Bunun için öncelikle pasaportlarımızı yeniledik, vizeye başvurduk, arabayı yeniledik, yavaş yavaş kamp malzemeleri almaya ve denemeye başladık. Turing'ten uluslarası ehliyet, yeşil pasaport aldık. (Bunu sınırda da yapabiliyorsun ama sınırda Bora ile uğraşmayalım diye hallettik) Vize bizi biraz kastırdı, hatta vize çıkmayacak diye düşünüp planı 15 güne çektik, Yunanistan'da gezeriz napalım dedik. (Aslında bu planı 2 aile yapmıştık ancak onlara vize çıkmadı, dolayısıyla biz de biraz korktuk) Sonuç itibariyle 6 ay vizeyi kapınca yine kaldığımız tur planından devam ettik. Türkiye'nin halihazırdaki durumu sebebi ile yine de sınırda sorun çıkarsa ve sınırdan geçemezsek diye B Planı yaptık, en olmadı Türkiye'de kamp atarız, çok meraklıydık sanki size dedik (sorun çıkmayınca çok sevindik o ayrı :)) Ancak sorunsuz, sualsiz sınırdan geçip A Planı'nı devreye soktuk.

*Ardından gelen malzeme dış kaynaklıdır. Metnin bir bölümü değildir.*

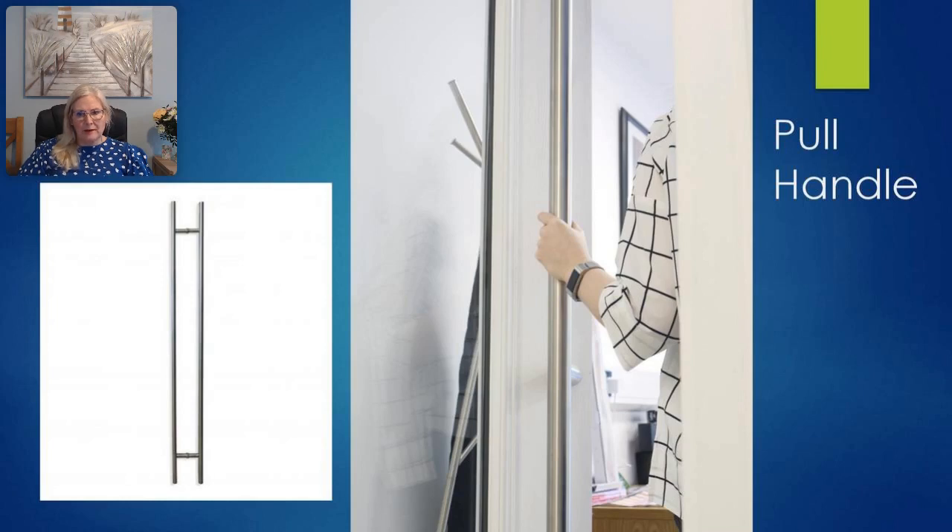These are part of the UAP Nano Coat range of products, which can be used at any location. However, they are specifically designed for areas within a 25-mile radius of the coast or within five miles of highly populated industrial areas. Each pull handle has been salt spray tested and comes with a lifetime coating guarantee.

İlk gün İstanbul'dan İpsala sınır kapısı üzerinden Kavala'ya varmak için sabah saat 05.30'da evden çıktık. Emrah saat 11.00 gibi, ben ise saat 12.00 gibi Kavala'da olacağımızı düşündük. Ancak gel gör ki o da nesi!!! Dıdındındıdın...

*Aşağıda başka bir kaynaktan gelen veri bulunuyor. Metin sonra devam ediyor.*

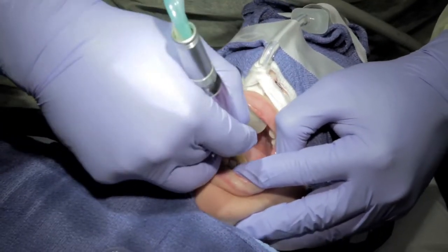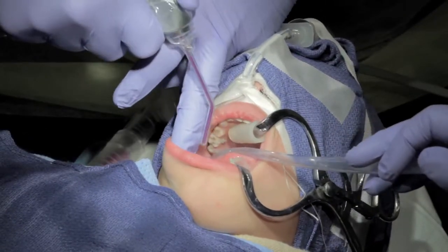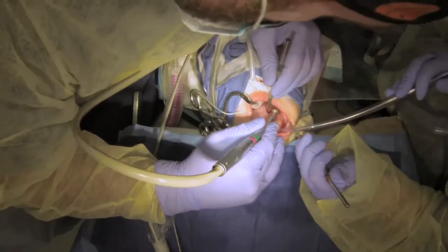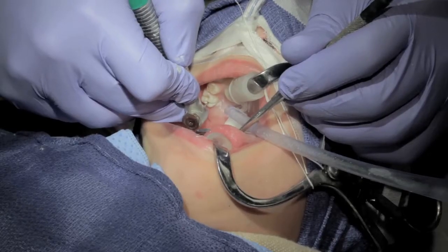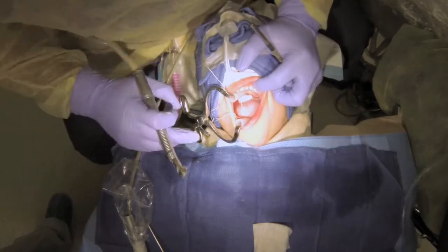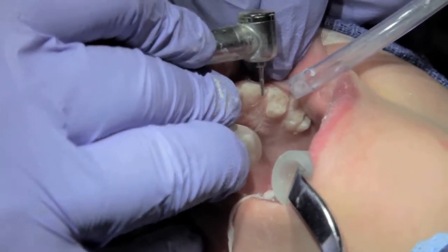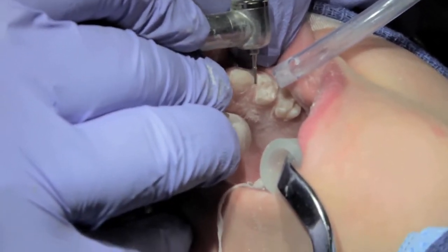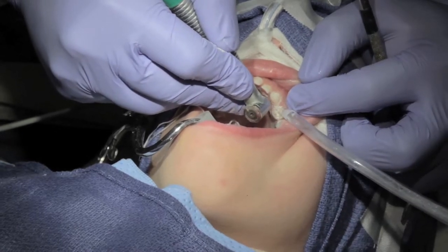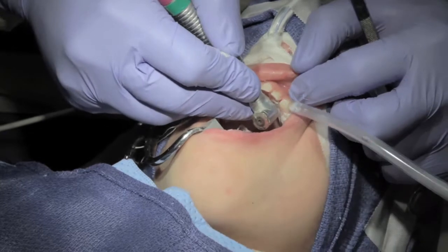That way you are treatment planning off of clean teeth, which makes it much easier to detect decay and not miss anything. We are going to prep a stainless steel crown on tooth number H. The first step is occlusal reduction, then I go in proximal. A good rule of thumb is to put the cutting edge of the bur at the reduced occlusal height table — that's how far I know to go subgingival.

İpsala'ya giderken, yolda bi yerde bişeyler yemek için durduk. Saat sabah 09.00 civarı. Burada, Bora'nın çoluğa çocuğa yanaşması sonucu, kendimi bir Fransız gurbetçisi ile konuşurken buldum. Fransız gurbetçi dedi ki "Biz hep Kapıkule'den çıkarız ama orada 10 km. kuyruk oluyormuş, o yüzden ilk defa İpsala'dan çıkıyoruz, sabah 04.00'te Ümraniye'den çıktık ama şimdiden geç kaldık" dedi. Aldı mı beni bi tutuşma. Hemen Emrah'a gidip durumu anlattım, Emrah napçez netçez hayde gidek dedim. Ailecek tutuşmaya başladık. Bu arada anlatmadan edemeyeceğim, aynı gurbetçi bana dedi ki "E sizin araba 34 plaka, nasıl çıkacaksınız dışarı?" Ben de dedim ki "İşte çıkacağız, Turing'e falan gittik, ne biliyim" dedim, o da "Aaaa Türk plakalı araçlar yurt dışına çıkabiliyor mu? Bilmiyordum" dedi. Ben de dedim ki "??!!?". Bu da öyle bi hikaye olsun işte arada.

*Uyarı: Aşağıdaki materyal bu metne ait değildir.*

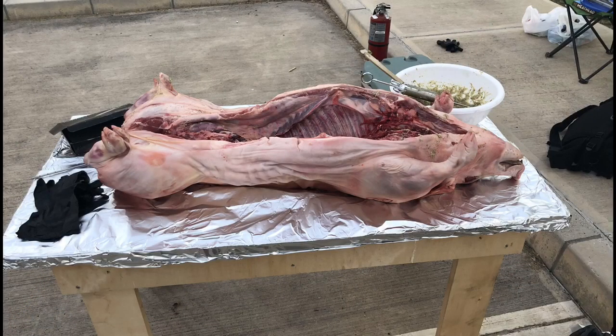You can see the marinade in the background, and actually I used this as an injection and went ahead and injected the ham and the shoulder of the pig, so that we can get some flavor on the inside of the meat versus just having flavor on the outside.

Saat 10.00 gibi İpsala şehrine girdik. Emrah'ın bir gün önce sınırdan geçen arkadaşı, akşam saat 6-7 gibi "Sınırda SGK dökümlerini istiyorlar, haberiniz olsun" dediği için İstanbul'da bu işleri halledemedik ve İpsala'ya girdik, SGK'dan sigorta dökümlerimizi aldık, eczaneden gerekli olabilecek ilaçları, bankalardan paraları, EURO'larımızı alıp sınır kapısına gittik. Aç parantez, yahu çalışanların hepsi o kadar yavaş ve tecrübesizlerdi ki, ya dedik biz İstanbul'da alışmışız hızlı olmaya ya da burası ekstra yavaş arkadaş. Çünkü bu dediklerimi önümüzde bazen sadece 1 kişi veya bazen hiç kuyruk olmamasına rağmen 45 dakikada halledebildik. Diyeceğim o ki, işlerinizi İpsala'ya bırakmayın sevgili ve saygılı arkadaşlar, kapa parantez. Benzini de fulledik, çünkü biliyoruz ki Yunansitan'da yol kenarı benzinci, yemekçi, içecekçi, tuvaletçi falan yok. Sonra hemencecik İpsala sınırında kuyruğa girdik, 3 sıra kuyruk var, bu sıraların her birinde de yaklaşık 25-30 araba var. Hem gurbetçi çoğunluğu, hem de sınırda Türklerden SGK dökümü istemeleri sebebi ile kuyruk çok yavaş eridi. Sonuç itibariyle 10.50'de girdiğimiz kuyruktan Türkiye ve Yunanistan sınır kapılarını tam 2 saatte geçerek 12.50'de kendimizi Yunanistan'ın yollarında bulduk. Evet tam tamına 2 saat sürdü :(

İpsala sınır kapısı

Yunan sınırını geçtikten sonra biz (Temsili değil)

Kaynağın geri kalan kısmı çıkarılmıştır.